[Short web captions]
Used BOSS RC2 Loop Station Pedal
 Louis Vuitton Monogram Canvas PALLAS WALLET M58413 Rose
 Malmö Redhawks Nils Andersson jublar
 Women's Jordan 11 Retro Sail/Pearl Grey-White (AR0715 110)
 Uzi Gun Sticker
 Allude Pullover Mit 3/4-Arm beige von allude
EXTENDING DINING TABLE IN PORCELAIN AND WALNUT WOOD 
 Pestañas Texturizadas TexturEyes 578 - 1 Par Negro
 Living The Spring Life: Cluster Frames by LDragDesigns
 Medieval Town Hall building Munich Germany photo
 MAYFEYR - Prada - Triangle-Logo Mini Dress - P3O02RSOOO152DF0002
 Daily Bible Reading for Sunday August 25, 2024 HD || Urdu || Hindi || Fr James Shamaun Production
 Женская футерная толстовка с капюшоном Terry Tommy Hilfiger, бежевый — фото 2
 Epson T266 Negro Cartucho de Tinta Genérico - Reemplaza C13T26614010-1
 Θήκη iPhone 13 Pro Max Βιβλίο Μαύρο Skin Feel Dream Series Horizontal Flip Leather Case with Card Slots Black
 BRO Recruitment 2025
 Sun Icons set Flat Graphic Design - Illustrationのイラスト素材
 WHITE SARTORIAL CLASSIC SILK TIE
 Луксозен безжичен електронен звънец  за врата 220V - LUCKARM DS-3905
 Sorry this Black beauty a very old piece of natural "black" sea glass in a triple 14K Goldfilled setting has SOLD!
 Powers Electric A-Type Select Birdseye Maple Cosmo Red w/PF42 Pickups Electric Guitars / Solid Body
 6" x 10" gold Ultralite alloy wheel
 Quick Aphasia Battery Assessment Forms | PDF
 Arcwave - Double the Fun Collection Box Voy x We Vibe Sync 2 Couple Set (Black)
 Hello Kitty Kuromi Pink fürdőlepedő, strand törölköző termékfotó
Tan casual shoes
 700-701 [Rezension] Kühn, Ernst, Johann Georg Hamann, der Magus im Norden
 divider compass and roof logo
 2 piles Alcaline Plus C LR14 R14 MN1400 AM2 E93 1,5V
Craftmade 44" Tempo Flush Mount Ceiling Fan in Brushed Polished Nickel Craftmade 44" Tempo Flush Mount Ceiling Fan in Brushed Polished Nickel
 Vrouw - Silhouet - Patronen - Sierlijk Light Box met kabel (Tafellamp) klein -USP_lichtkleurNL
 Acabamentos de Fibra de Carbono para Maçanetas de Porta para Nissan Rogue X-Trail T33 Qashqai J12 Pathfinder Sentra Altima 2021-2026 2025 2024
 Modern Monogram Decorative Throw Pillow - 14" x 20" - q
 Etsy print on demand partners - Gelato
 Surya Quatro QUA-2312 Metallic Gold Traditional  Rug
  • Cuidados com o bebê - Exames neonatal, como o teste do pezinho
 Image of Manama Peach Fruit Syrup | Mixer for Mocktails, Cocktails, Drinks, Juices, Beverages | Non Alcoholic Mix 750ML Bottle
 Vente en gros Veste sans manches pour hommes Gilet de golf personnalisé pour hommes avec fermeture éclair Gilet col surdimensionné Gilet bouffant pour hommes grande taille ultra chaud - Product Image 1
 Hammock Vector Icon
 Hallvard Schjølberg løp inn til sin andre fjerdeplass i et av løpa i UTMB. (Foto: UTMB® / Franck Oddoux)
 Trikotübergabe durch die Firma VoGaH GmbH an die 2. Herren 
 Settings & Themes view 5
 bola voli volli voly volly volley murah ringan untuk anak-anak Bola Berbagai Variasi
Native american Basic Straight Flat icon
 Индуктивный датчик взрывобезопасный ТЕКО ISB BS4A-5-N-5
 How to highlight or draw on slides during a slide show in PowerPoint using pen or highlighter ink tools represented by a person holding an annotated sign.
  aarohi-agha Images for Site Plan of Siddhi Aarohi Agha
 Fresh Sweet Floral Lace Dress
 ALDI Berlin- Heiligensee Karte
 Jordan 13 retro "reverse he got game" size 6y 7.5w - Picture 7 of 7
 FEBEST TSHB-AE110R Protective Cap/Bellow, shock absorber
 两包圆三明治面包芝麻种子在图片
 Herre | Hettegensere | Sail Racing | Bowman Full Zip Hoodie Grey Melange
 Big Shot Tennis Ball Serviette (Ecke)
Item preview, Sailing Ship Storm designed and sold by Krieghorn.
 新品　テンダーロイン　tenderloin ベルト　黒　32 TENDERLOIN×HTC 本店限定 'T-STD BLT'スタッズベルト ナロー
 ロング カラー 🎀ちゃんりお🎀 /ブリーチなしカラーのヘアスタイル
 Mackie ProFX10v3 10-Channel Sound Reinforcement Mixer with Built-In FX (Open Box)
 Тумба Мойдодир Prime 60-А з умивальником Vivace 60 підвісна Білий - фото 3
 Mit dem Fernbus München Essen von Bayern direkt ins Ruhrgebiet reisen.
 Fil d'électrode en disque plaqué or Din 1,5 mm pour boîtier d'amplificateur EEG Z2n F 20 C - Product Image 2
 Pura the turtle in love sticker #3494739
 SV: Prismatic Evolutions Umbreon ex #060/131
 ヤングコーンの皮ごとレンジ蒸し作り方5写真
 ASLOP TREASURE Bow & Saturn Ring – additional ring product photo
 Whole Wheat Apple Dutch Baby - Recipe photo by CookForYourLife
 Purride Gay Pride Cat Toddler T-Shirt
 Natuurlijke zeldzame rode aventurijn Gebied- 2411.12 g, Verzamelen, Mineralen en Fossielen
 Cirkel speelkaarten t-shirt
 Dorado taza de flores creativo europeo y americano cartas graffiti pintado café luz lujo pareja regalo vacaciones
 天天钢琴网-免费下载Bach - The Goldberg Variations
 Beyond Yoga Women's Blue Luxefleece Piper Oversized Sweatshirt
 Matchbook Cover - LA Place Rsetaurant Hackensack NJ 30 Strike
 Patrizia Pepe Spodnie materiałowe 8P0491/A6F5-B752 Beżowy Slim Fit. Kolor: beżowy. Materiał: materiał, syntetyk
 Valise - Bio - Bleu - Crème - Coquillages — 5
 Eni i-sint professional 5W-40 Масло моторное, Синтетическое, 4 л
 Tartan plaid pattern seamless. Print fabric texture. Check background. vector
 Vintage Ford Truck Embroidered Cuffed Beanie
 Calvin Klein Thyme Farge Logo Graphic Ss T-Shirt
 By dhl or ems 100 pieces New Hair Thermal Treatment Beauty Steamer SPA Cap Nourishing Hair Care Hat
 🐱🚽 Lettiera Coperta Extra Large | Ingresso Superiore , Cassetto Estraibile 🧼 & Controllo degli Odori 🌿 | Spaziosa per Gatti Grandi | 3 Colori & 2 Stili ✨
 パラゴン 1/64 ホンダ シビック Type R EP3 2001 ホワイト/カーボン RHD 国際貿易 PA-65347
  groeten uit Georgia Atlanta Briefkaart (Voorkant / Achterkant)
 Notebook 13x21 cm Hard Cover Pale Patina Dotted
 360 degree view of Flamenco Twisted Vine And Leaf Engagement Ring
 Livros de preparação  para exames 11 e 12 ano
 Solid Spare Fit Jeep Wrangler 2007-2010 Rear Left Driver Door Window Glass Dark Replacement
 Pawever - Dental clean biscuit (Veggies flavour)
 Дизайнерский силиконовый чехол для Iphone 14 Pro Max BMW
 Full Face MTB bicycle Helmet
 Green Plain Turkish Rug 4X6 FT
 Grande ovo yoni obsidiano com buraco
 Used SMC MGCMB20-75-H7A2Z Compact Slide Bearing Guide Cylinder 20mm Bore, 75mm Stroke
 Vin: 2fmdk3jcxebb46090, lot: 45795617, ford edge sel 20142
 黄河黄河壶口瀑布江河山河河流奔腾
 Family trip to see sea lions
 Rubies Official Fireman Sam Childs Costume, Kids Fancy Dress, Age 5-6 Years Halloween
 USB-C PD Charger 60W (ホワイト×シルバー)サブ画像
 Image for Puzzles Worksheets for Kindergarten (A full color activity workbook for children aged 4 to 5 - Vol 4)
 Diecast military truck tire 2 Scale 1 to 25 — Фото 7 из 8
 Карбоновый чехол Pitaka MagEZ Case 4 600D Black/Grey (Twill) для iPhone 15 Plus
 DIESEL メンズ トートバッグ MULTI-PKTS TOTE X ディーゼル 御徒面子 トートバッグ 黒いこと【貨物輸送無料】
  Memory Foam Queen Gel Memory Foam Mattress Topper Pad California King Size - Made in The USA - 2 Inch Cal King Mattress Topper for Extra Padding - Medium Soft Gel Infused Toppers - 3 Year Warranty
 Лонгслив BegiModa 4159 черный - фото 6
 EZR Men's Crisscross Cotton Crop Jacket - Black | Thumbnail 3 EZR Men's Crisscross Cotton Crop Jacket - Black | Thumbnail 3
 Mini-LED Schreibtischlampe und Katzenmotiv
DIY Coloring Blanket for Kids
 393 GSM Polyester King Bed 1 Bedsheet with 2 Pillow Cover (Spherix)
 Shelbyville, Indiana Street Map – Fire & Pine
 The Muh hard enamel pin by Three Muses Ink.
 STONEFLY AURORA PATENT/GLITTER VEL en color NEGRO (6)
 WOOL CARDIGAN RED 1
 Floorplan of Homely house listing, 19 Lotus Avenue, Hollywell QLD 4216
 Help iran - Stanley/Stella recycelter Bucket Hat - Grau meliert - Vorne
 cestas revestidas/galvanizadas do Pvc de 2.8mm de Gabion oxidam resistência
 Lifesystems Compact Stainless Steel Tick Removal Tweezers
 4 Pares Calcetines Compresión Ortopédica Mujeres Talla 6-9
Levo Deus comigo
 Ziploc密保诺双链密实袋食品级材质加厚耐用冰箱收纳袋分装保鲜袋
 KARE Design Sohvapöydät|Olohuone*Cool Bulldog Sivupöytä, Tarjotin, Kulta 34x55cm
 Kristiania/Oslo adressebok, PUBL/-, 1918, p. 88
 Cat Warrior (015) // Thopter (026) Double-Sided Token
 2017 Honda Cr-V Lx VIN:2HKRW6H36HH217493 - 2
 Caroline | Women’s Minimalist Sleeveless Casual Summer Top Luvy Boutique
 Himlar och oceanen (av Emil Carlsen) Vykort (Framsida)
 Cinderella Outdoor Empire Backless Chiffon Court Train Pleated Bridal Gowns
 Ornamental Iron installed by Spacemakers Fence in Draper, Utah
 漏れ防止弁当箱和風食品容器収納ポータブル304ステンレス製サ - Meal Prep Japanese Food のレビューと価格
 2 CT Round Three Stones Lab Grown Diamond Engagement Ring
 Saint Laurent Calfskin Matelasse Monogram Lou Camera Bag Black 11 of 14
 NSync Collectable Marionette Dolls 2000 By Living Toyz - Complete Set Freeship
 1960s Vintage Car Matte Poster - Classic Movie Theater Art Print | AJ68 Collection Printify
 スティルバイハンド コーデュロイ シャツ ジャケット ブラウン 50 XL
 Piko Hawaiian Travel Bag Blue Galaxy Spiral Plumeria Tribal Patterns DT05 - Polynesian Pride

**Problem to work on:** An exact copy of the lines above, from the one containing "Image for Puzzles" through the one containing "スティルバイハンド コーデュロイ シャツ ジャケット ブラウン 50 XL", is the whole of the answer.

**Finished task:**
 Image for Puzzles Worksheets for Kindergarten (A full color activity workbook for children aged 4 to 5 - Vol 4)
 Diecast military truck tire 2 Scale 1 to 25 — Фото 7 из 8
 Карбоновый чехол Pitaka MagEZ Case 4 600D Black/Grey (Twill) для iPhone 15 Plus
 DIESEL メンズ トートバッグ MULTI-PKTS TOTE X ディーゼル 御徒面子 トートバッグ 黒いこと【貨物輸送無料】
  Memory Foam Queen Gel Memory Foam Mattress Topper Pad California King Size - Made in The USA - 2 Inch Cal King Mattress Topper for Extra Padding - Medium Soft Gel Infused Toppers - 3 Year Warranty
 Лонгслив BegiModa 4159 черный - фото 6
 EZR Men's Crisscross Cotton Crop Jacket - Black | Thumbnail 3 EZR Men's Crisscross Cotton Crop Jacket - Black | Thumbnail 3
 Mini-LED Schreibtischlampe und Katzenmotiv
DIY Coloring Blanket for Kids
 393 GSM Polyester King Bed 1 Bedsheet with 2 Pillow Cover (Spherix)
 Shelbyville, Indiana Street Map – Fire & Pine
 The Muh hard enamel pin by Three Muses Ink.
 STONEFLY AURORA PATENT/GLITTER VEL en color NEGRO (6)
 WOOL CARDIGAN RED 1
 Floorplan of Homely house listing, 19 Lotus Avenue, Hollywell QLD 4216
 Help iran - Stanley/Stella recycelter Bucket Hat - Grau meliert - Vorne
 cestas revestidas/galvanizadas do Pvc de 2.8mm de Gabion oxidam resistência
 Lifesystems Compact Stainless Steel Tick Removal Tweezers
 4 Pares Calcetines Compresión Ortopédica Mujeres Talla 6-9
Levo Deus comigo
 Ziploc密保诺双链密实袋食品级材质加厚耐用冰箱收纳袋分装保鲜袋
 KARE Design Sohvapöydät|Olohuone*Cool Bulldog Sivupöytä, Tarjotin, Kulta 34x55cm
 Kristiania/Oslo adressebok, PUBL/-, 1918, p. 88
 Cat Warrior (015) // Thopter (026) Double-Sided Token
 2017 Honda Cr-V Lx VIN:2HKRW6H36HH217493 - 2
 Caroline | Women’s Minimalist Sleeveless Casual Summer Top Luvy Boutique
 Himlar och oceanen (av Emil Carlsen) Vykort (Framsida)
 Cinderella Outdoor Empire Backless Chiffon Court Train Pleated Bridal Gowns
 Ornamental Iron installed by Spacemakers Fence in Draper, Utah
 漏れ防止弁当箱和風食品容器収納ポータブル304ステンレス製サ - Meal Prep Japanese Food のレビューと価格
 2 CT Round Three Stones Lab Grown Diamond Engagement Ring
 Saint Laurent Calfskin Matelasse Monogram Lou Camera Bag Black 11 of 14
 NSync Collectable Marionette Dolls 2000 By Living Toyz - Complete Set Freeship
 1960s Vintage Car Matte Poster - Classic Movie Theater Art Print | AJ68 Collection Printify
 スティルバイハンド コーデュロイ シャツ ジャケット ブラウン 50 XL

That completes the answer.